Re: Questionable result from lead(0) IGNORE NULLS - Mailing list pgsql-hackers

From Tatsuo Ishii
Subject Re: Questionable result from lead(0) IGNORE NULLS
Date
Msg-id 20251008.170007.1614484426305151178.ishii@postgresql.org
Whole thread Raw
In response to Questionable result from lead(0) IGNORE NULLS  (Tatsuo Ishii <ishii@postgresql.org>)
List pgsql-hackers
Hi Oliver,

After studying the standard more, it seems I was totally wrong.
In summary, current code is correct. Sorry for noise.

From the standard explaining lead():

> B) If OFFSET = 0 (zero), then the value of <window function> is the
> value of VE1 evaluated for the current row.
(here VE1 referes to the first argument of lead()).

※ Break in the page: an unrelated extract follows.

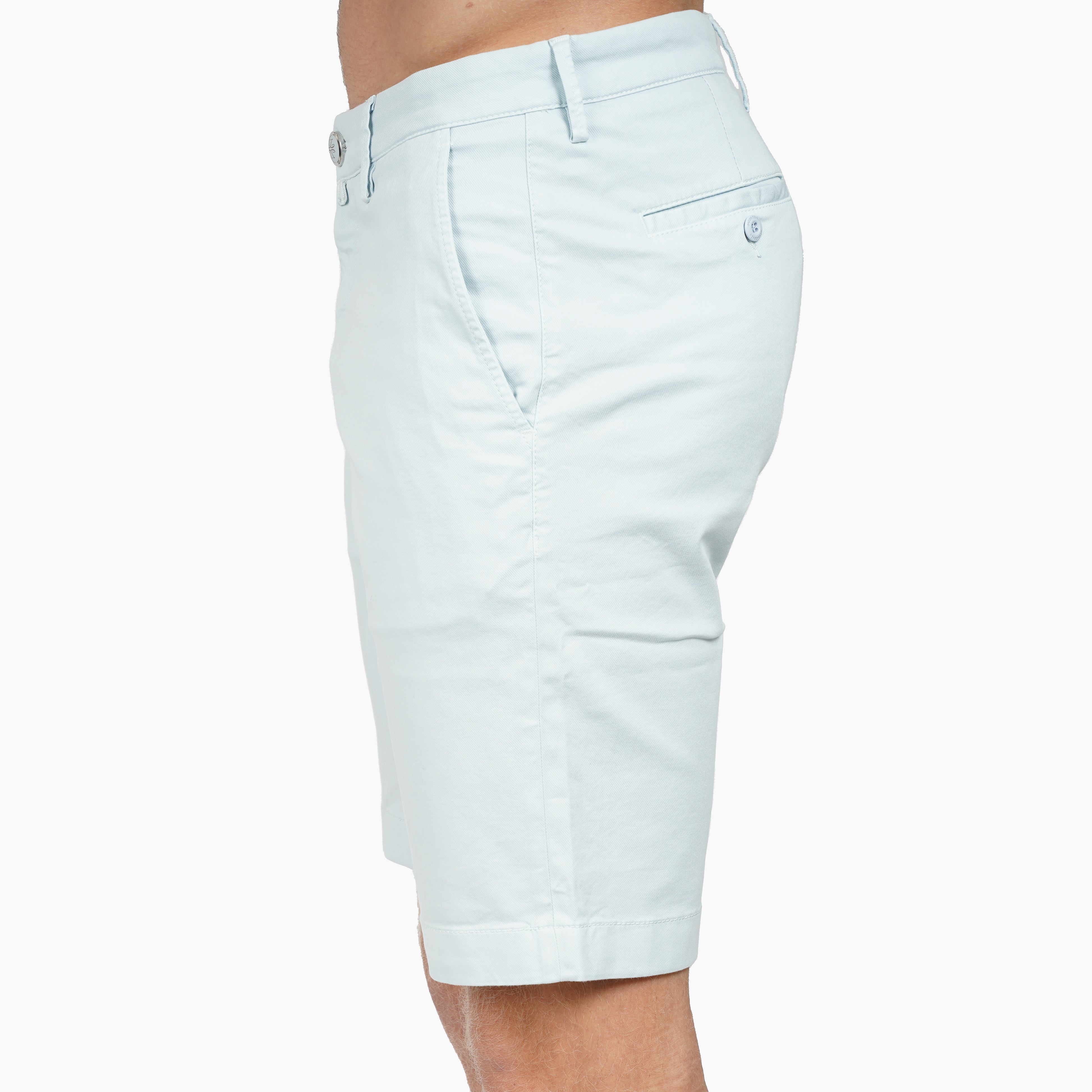 Jacob Cohen Korte Broek Lichtblauw | Bob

So it seems we need to treat offset==0 case specially. i.e. eval VE1
and do not through away even if the result is NULL.

> I noticed a questionable result from "lead(0) IGNORE NULLS".
> 
> CREATE TEMP TABLE g(x INT, y INT);
> CREATE TABLE
> INSERT INTO g (VALUES(NULL,1),(NULL,2),(1,3));
> INSERT 0 3
> SELECT * FROM g;
>  x | y 
> ---+---
>    | 1
>    | 2
>  1 | 3
> (3 rows)
> 
> SELECT x, y, lead(x, 0) RESPECT NULLS OVER w FROM g
> WINDOW w AS (ORDER BY y);
>  x | y | lead 
> ---+---+------
>    | 1 |     
>    | 2 |     
>  1 | 3 |    1
> (3 rows)
> 
> SELECT x, y, lead(x, 0) IGNORE NULLS OVER w FROM g
> WINDOW w AS (ORDER BY y);
>  x | y | lead 
> ---+---+------
>    | 1 |     
>    | 2 |     
>  1 | 3 |    1
> (3 rows)
> 
> As you can see, "lead(x, 0) IGNORE NULLS" shows the same result as
> "lead(x, 0) RESPECT NULLS". IMO "lead(x, 0) IGNORE NULLS" should show
> something like:

No. The result above is perfectly correct.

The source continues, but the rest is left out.